On Friday December 30, I was working at my office when I received a phone call from Calgary Police Services detective Mark Weir at 1:25 pm informing me that a Canada-wide warrant for my arrest had been issued by Winnipeg Police, with criminal charges arising from events that had taken place more than 17 months earlier.
I was shocked and surprised, to say the least. No law enforcement agency, the Winnipeg Police or otherwise, had contacted me in the previous 17 months. Detective Weir told me to drive to the Spyhill Arrest Processing Facility in the far north end of Calgary to turn myself in.

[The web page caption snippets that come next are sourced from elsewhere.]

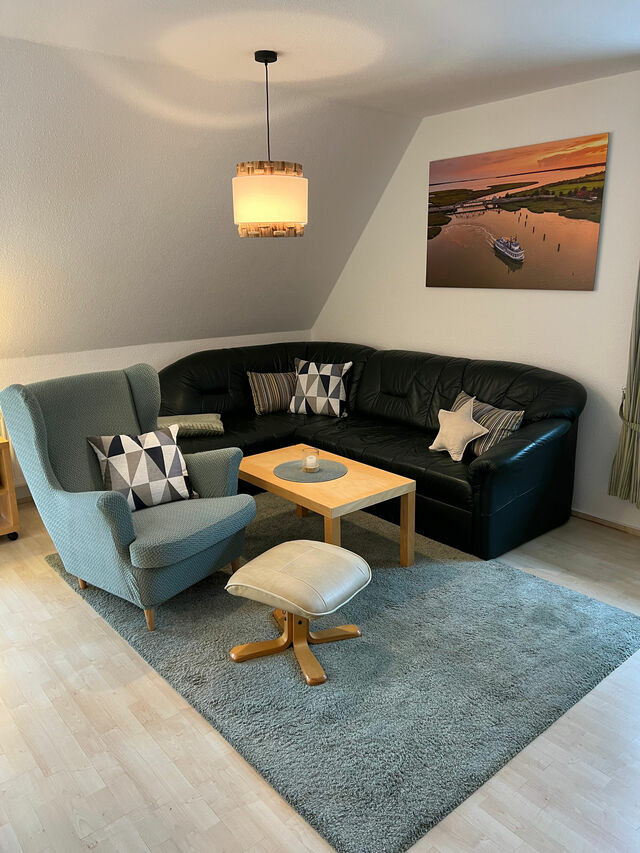 Ferienwohnung in Ostseeheilbad Zingst - Morgensonne - Bild 6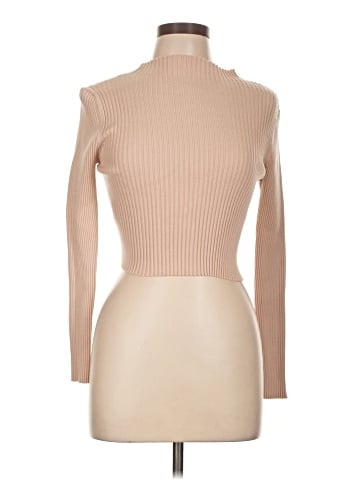 Shein Long Sleeve Top (view 1)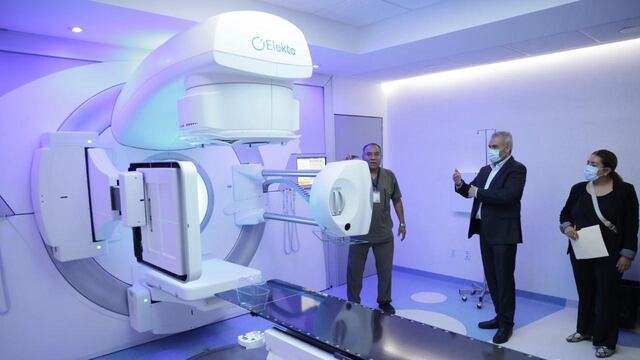 Michoacán tiene un mastógrafo de última generación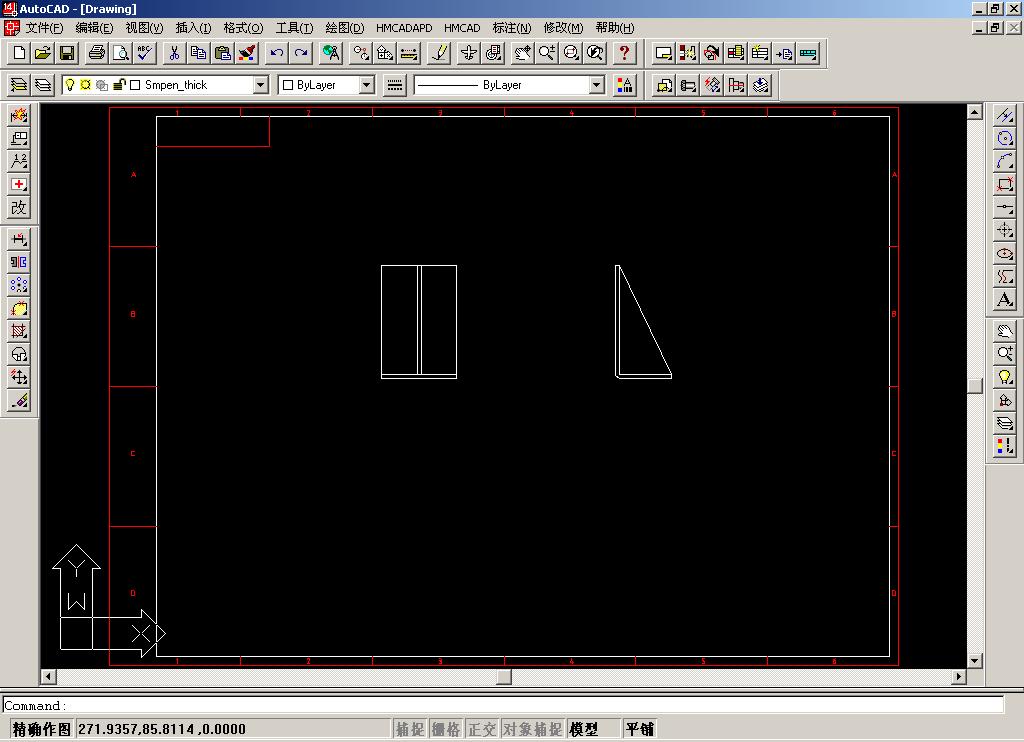 Ҫ뻭Ķ(AutoCAD еıʾ)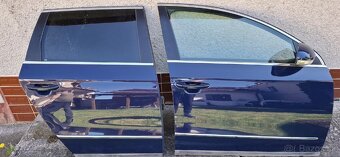 Práve dvere VW Passat B6 Variant LA5E - 2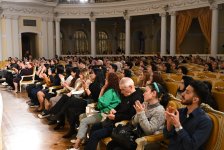 Шесть десятилетий в унисон - юбилей одного из лучших коллективов Азербайджана (ФОТО)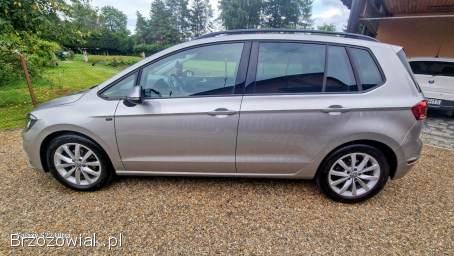 Volkswagen Golf Spotsvan Join 2018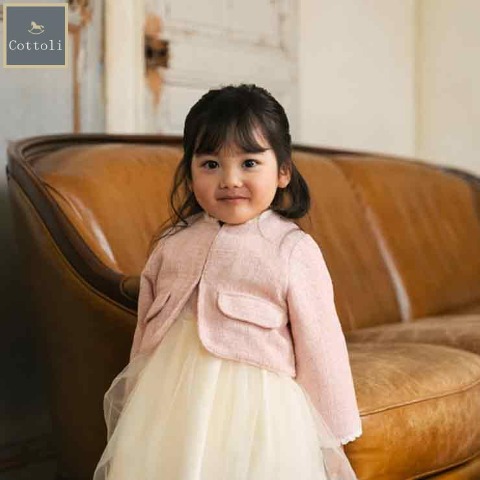 ベビー　フォーマルジャケット（80～95cm・Cottoli）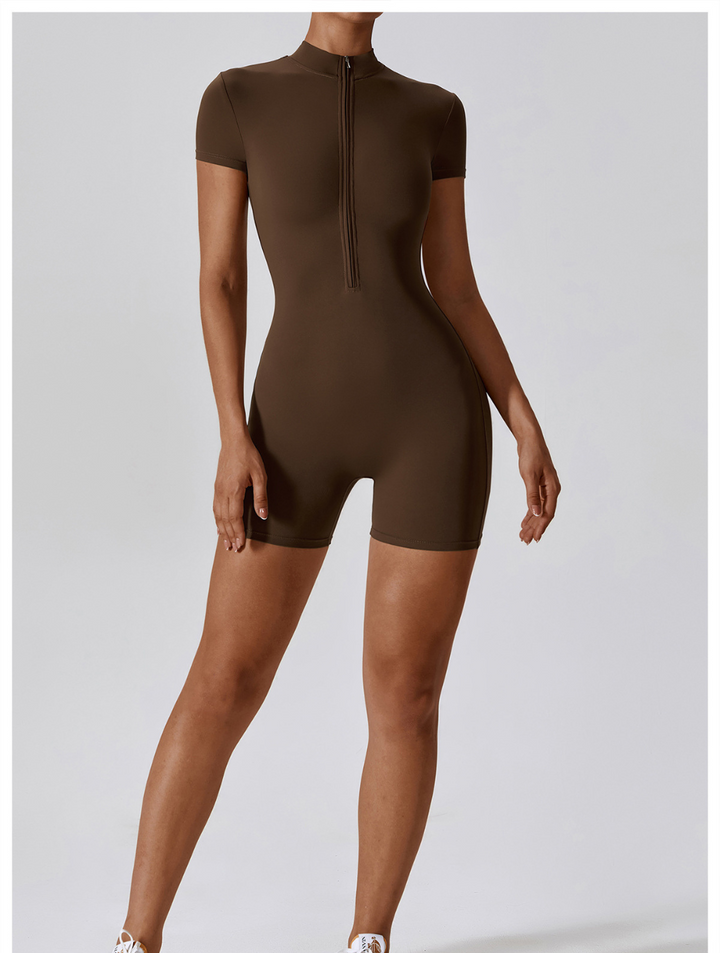 Faylina Verfijnde Jumpsuit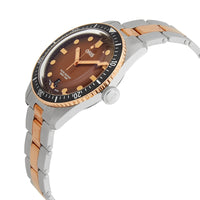 Oris Divers Automatic Brown Dial – Bronze Bezel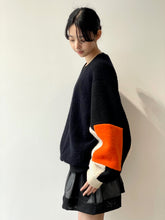 画像をギャラリービューアに読み込む, Wool pile boa pullover（WOMENS）
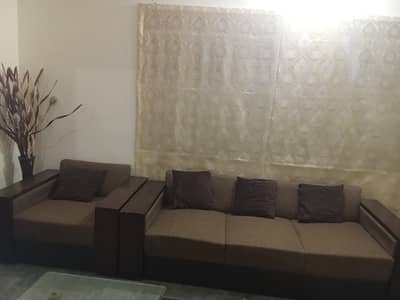 Luxury Sofa Set in New Condition
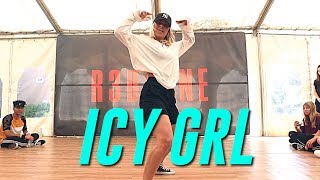 Saweetie quotICY GRLquot Choreography by Zita Nagy [upl. by Nereil922]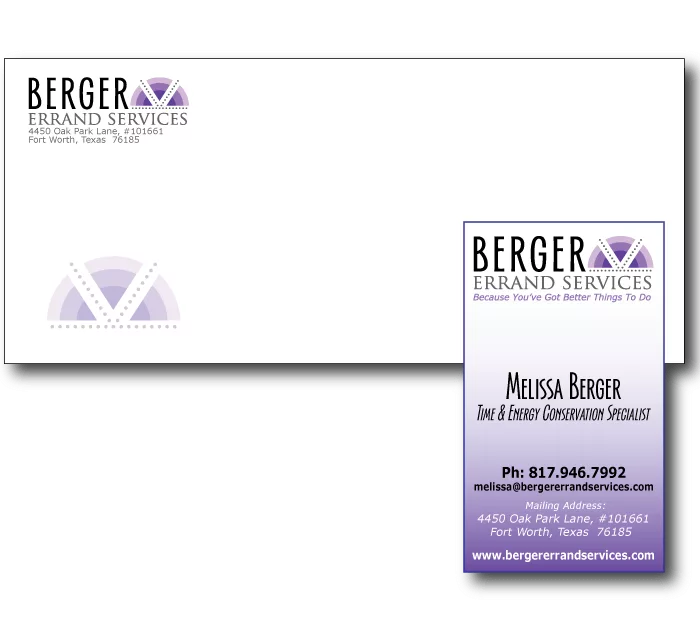 small-business-branding Colorado Springs - berger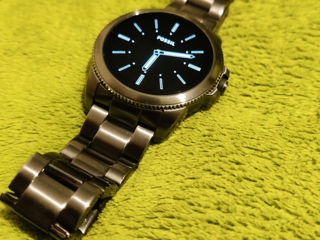 Vând ceas Fossil FTW4049  ( Gen 5 - Smartwatch ) foto 1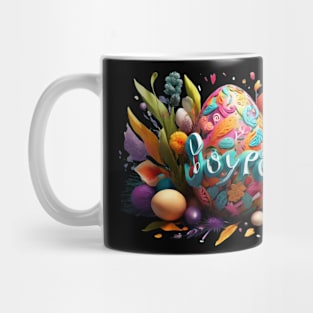 Joyful Easter  Happy Easter Easter Gifts Mug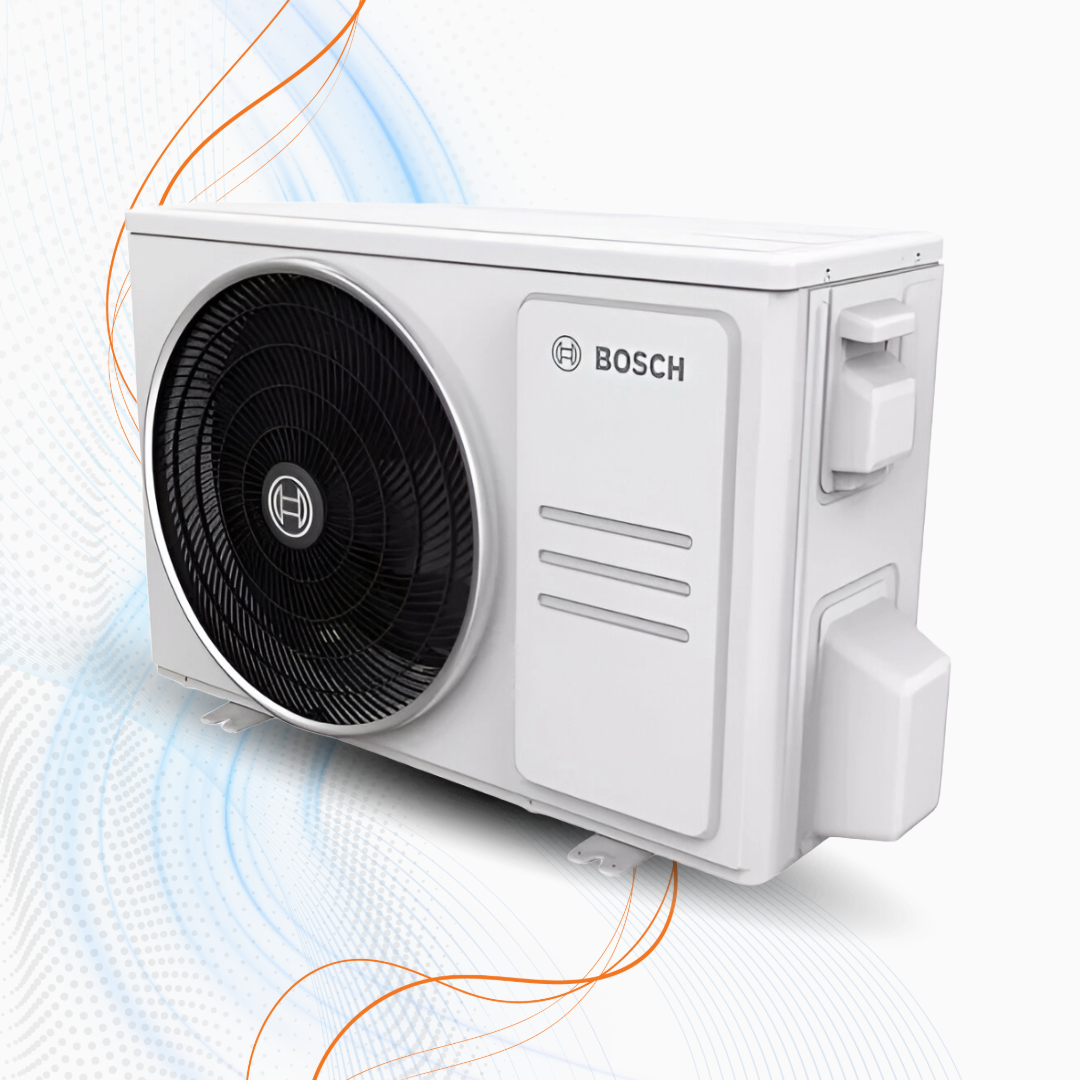 Climatizzatore Bosch Climate 4000i Inverter R-32 WiFi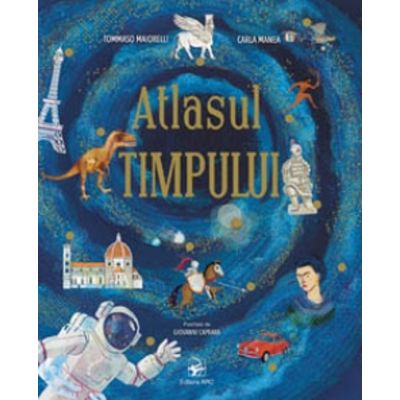 Atlasul timpului - Tommaso Maiorelli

He said that I would appear before a Justice of the Peace, and that I could drive back home the same day.
I arrived at this “Facility” (jail) at 3:45, parked my car and rang the doorbell. The door was opened. Inside I was met by Mr. Weir and another Calgary Police Service detective, both wearing plain clothes but each armed with a revolver, and a third police officer in uniform.
“OK, so you are under arrest,” said Mr. Weir. He informed me of my right to speak with a lawyer and my right to choose to have my legal proceedings conducted in French. I was not handcuffed but asked to put my hands on a wall while they searched me for weapons. I had none, of course.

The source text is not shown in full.